Seguimos em frente em 2019 com a convicção de proporcionar com a literatura uma ponte para construção e travessia de humanidades e abertura de amplas perspectivas de mundo, para além do senso comum e superficialidades que trafegam em todas as mídias. E ao seguir nesta jornada demos mais um passo na direção de tornar verdade a máxima de Antonio Candido: “Numa sociedade justa o respeito aos direitos humanos e fruição da arte e da literatura em todas as modalidades e em todos os níveis é um direito inalienável”, o que de certa forma anuncia que nada e nem ninguém vive em vão.
Revelam as pesquisas que leitoras(es) de ficção são menos propensas(os) a tirar conclusões rápidas, com base em informações insuficientes e incompletas, para satisfazer sua necessidade pessoal de “apropriar-se” de um assunto. E como isso é importante na construção de um projeto de vida e no fortalecimento do protagonismo responsável, sobretudo em tempos em que é visível o tantão de gente propensa a deixar-se levar por informações falsas, as famosas “fake news”, que levam concretamente à morte de pessoas, da democracia, da nossa humanidade comum!!!

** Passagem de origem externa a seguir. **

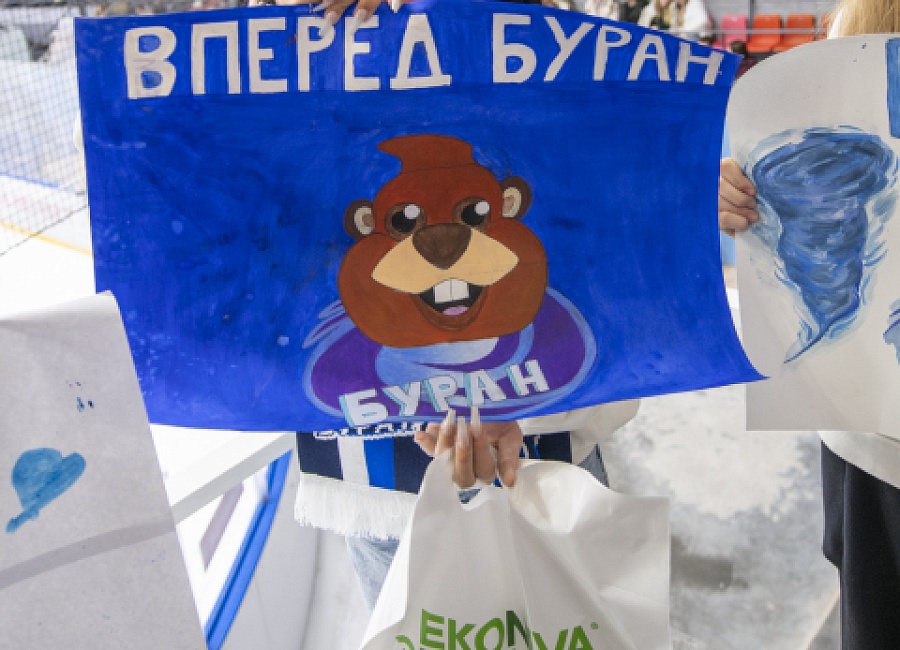 67.jpg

O que a jornada representou para estudantes? Escute direto da fonte:
“Participar da jornada de formação dos Leitores Sem Fronteiras sem sombra de dúvidas foi algo incrível, uma experiência única em minha vida! Como ponto principal destaco a interpretação de texto, que foi um ponto de perceptível evolução na minha jornada, além de aprender a ver tudo na vida com outros olhos, ver todas as faces da história. Nas formações, Reni, meu formador, sempre me incentivou a falar minha opinião, confesso que na maioria das vezes ficava calada, mas juro que aprendi a formular opiniões sinceras e que realmente falam de mim. O ponto baixo é que está acabando, sinto que poderia durar mais para poder aproveitar tudo que a formação tem para oferecer”.
O que esta jornada significou para o ICE? Com a palavra Juliana Zimmerman, vice-presidente do Instituto:
“O Leitores Sem Fronteiras se aproxima da Escola da Escolha em 2017 com uma proposta alinhada a um desejo antigo de incentivar de forma ainda mais potente o protagonismo dos jovens na dimensão de sua formação leitora. Sendo Projeto de Vida a centralidade da Escola da Escolha, a literatura como processo de autoconhecimento e um olhar crítico sobre seu entorno dá elementos importantes para os estudantes estabelecerem sua jornada de forma mais autoral e empática. A experiência de qualidade de leitura, discussões e partilha que o LSF trouxe evidências ao ICE da relevância de contínuo investimento na formação dos estudantes como leitores críticos e protagonistas. A avaliação das formadoras e equipes escolares também trouxe o reconhecimento de que a qualidade dos encontros era até mais importante que a quantidade de participantes. Os indicadores de processo olhados com atenção demostraram a importância de atitudes como o reconhecimento de professor(as)es em relação à melhora do desempenho da escrita de quem passou pelo Clube LSF e a capacidade de estudantes de romperem a timidez e se mostrarem mais eloquentes em uma roda de conversa”.
Como disse, uma jovem protagonista egressa da Escola da Escolha, Juany Diegues, a incrível leitora sem fronteiras que integrou o grupo do projeto piloto em 2017, aqui estamos para “continuarmos juntos e encarar o mundo com coragem poética”.